It’s a little sad but also positive, I suppose, that every time there’s a national scandal we learn more about government and the law. How many of you had ever heard of the Emoluments Clause of the Constitution until a few months ago? How much have you learned lately about national security, counter-intelligence, and even the computer systems in the White House? In this context, one of the things we’ve heard about, particularly relevant, because it’s about former National Security Adviser Mike Flynn, is something called the Logan Act – a heretofore obscure 18th-century federal law – it suddenly could be at the heart of Flynn’s desire for immunity before testifying before Congress, or talking to the FBI. Here to explain the Logan Act and more about the law is my guest, Stephen Vladeck. He’s a professor of law at the University of Texas Law School. His teachings and research focus on federal jurisdiction, constitutional law, and national security law. It is my pleasure to welcome Stephen Vladeck here to the program. Stephen, thanks much for joining us.
Stephen Vladeck: Thanks Jeff, it’s a real pleasure to be with you.
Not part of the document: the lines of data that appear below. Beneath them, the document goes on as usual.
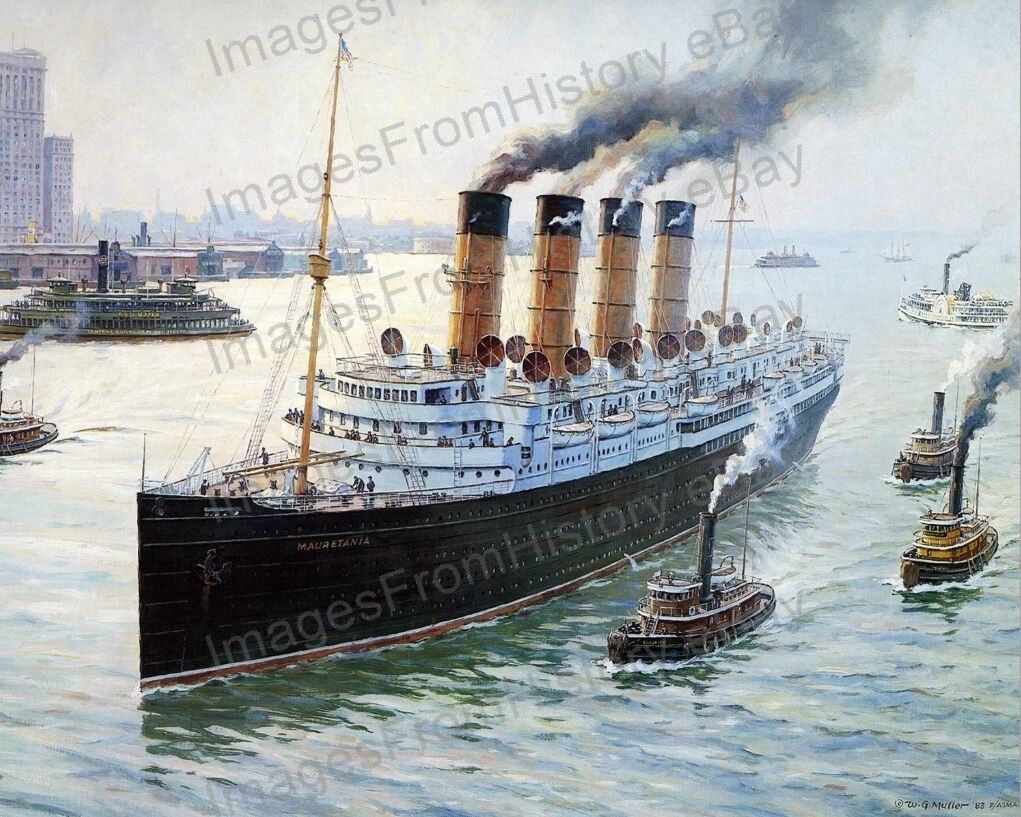 8x10 Print RMS Mauretania Cunard Line  Hudson River 1912 Illustration #RMSM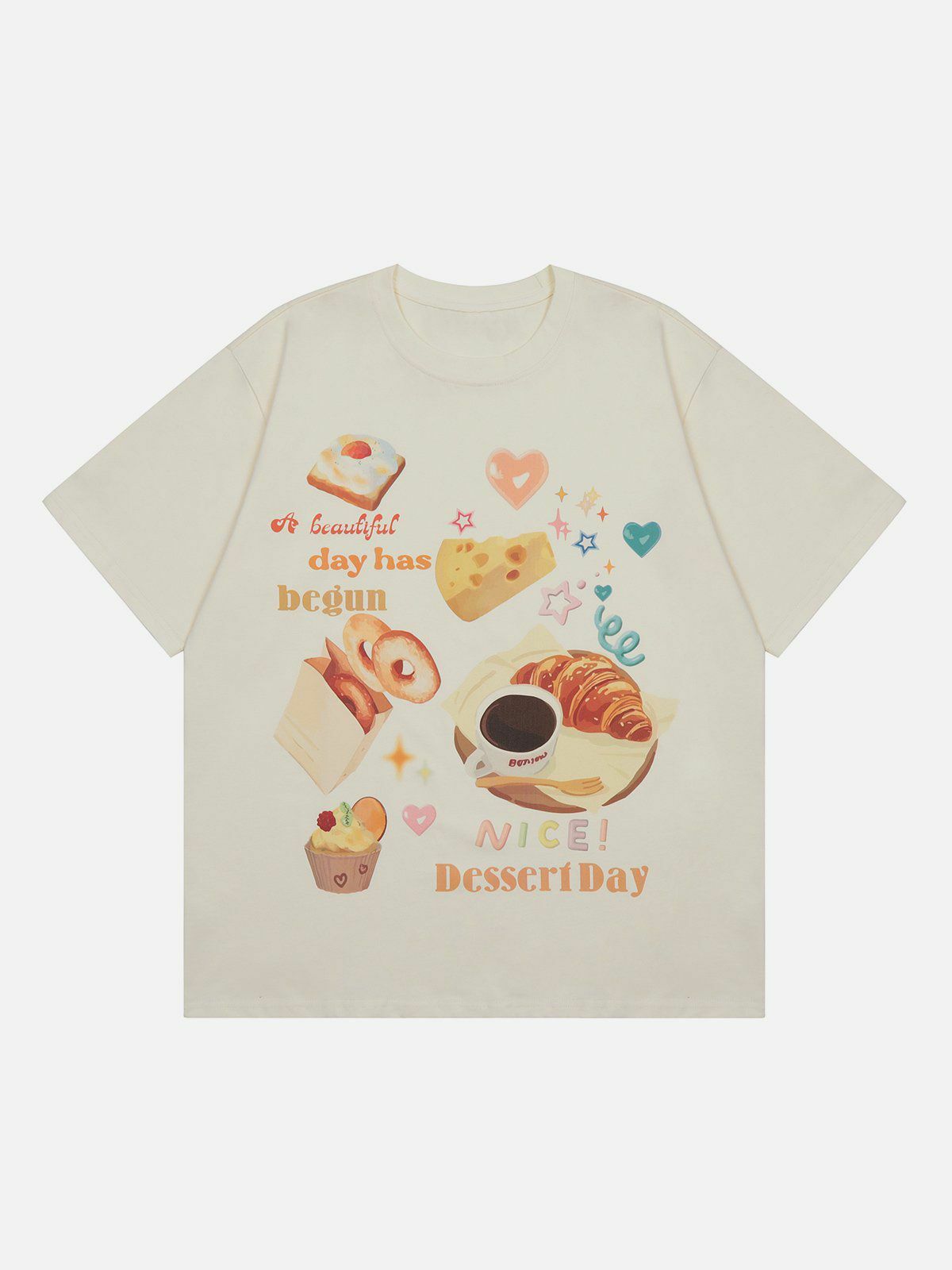 Y2K Donut Print Tee - Retro 90s Grunge Top for Summer Parties & Casual Outfits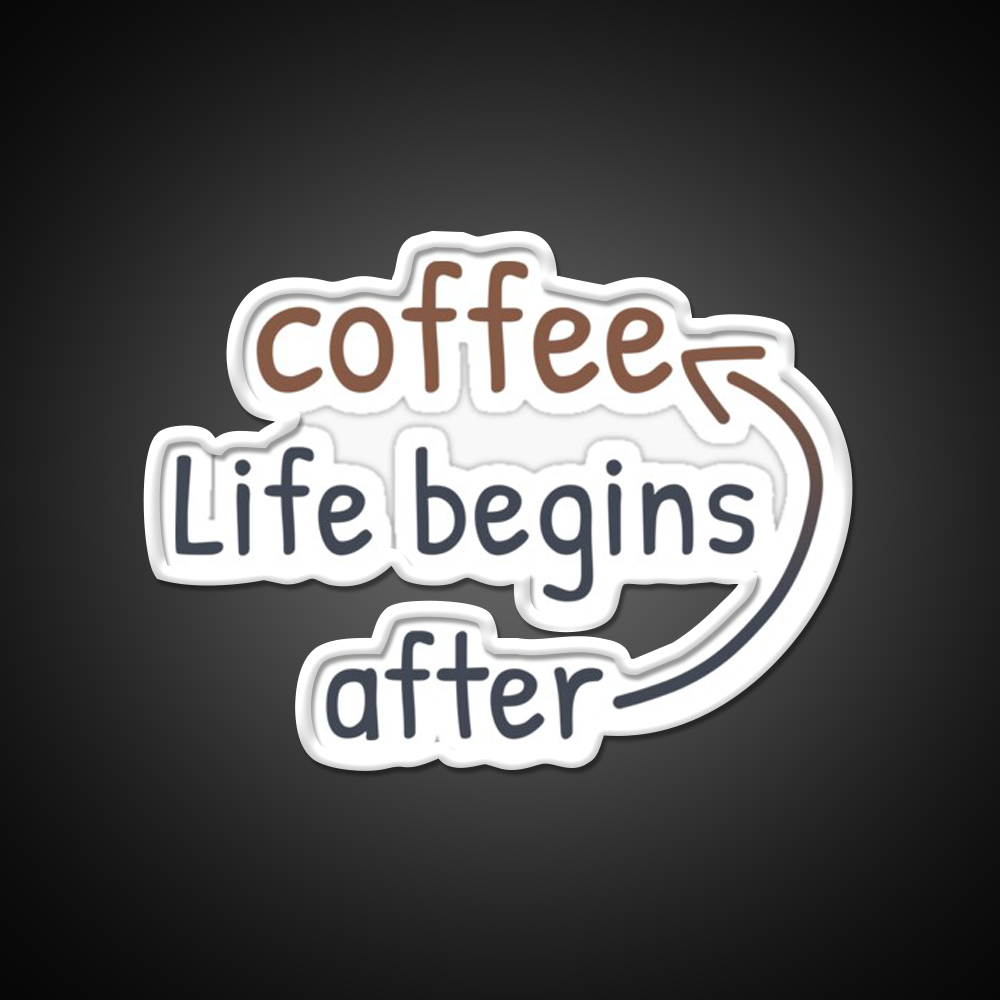 Life Begins After Coffee Cafe Led Neon Sign Espresso Bar Art Rgb Color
Jeff: It’s great to have you here. This obscure law from the 18th century, I’m sure that even as a law professor, is not something that you had been thinking about a whole lot until a couple of months ago. Tell us a little bit about the Logan Act.
Stephen: Sure, I mean the Logan Act actually finds a way to sort of come up every now and then. it might help to start with the background. So Dr. George Logan was a Pennsylvania man and a prominent supporter, right at the very end of the 18th century, of Thomas Jefferson, and of the faction at the time with what’s known as the Democratic Republicans. This is of course while the Federalists, led by President John Adams, were still in control in both the White House and Congress. And this meant that there were some pretty big divisions on US foreign policy, perhaps none bigger than whether US foreign policy should be more positively disposed toward England, which was of course the view of the Federalists, or towards France which was the view of the Jeffersonians. Of course at the time you couldn’t be both, it was one or the other. Anyway, so George Logan goes to France and purports to commence various discussions and negotiations with various emissaries of the French government on the theory that perhaps you can somehow frustrate the foreign policy of the Adams administration, and promote what he hopes is going to be a foreign policy of the, as yet not-realized, Jefferson administration. This causes all kinds of scandal once it’s reported back at home, and it leads Congress to pass a statute that is still on the books today. And that is, you know, what’s named after Dr. George Logan, that we now call the Logan Act, a criminal prohibition on the basically involvement and intercourse in foreign relations and foreign policy by Americans. So if folks actually want to look it up online, I mean the statute is, 18 U.S.C. § 953. And what it basically says today is, “Any citizen of the United States, wherever he may be, who, without authority of the United States, directly or indirectly commences or carries on any correspondence or intercourse with any foreign government or officer or agent thereof, with intent to influence the measures or conduct of any foreign government or of any officer or agent thereof, in relation to any disputes or controversies with the United States, or to defeat the measures of the United States,” is committing a crime, and basically could be fined, or imprisoned, or both. That statute is still there, but Jeff, it’s never been used, and so we hear about it every now and then, you know, when we have prominent Americans doing things that look like they’re conducting foreign policy, as you say, most recently with Mike Flynn.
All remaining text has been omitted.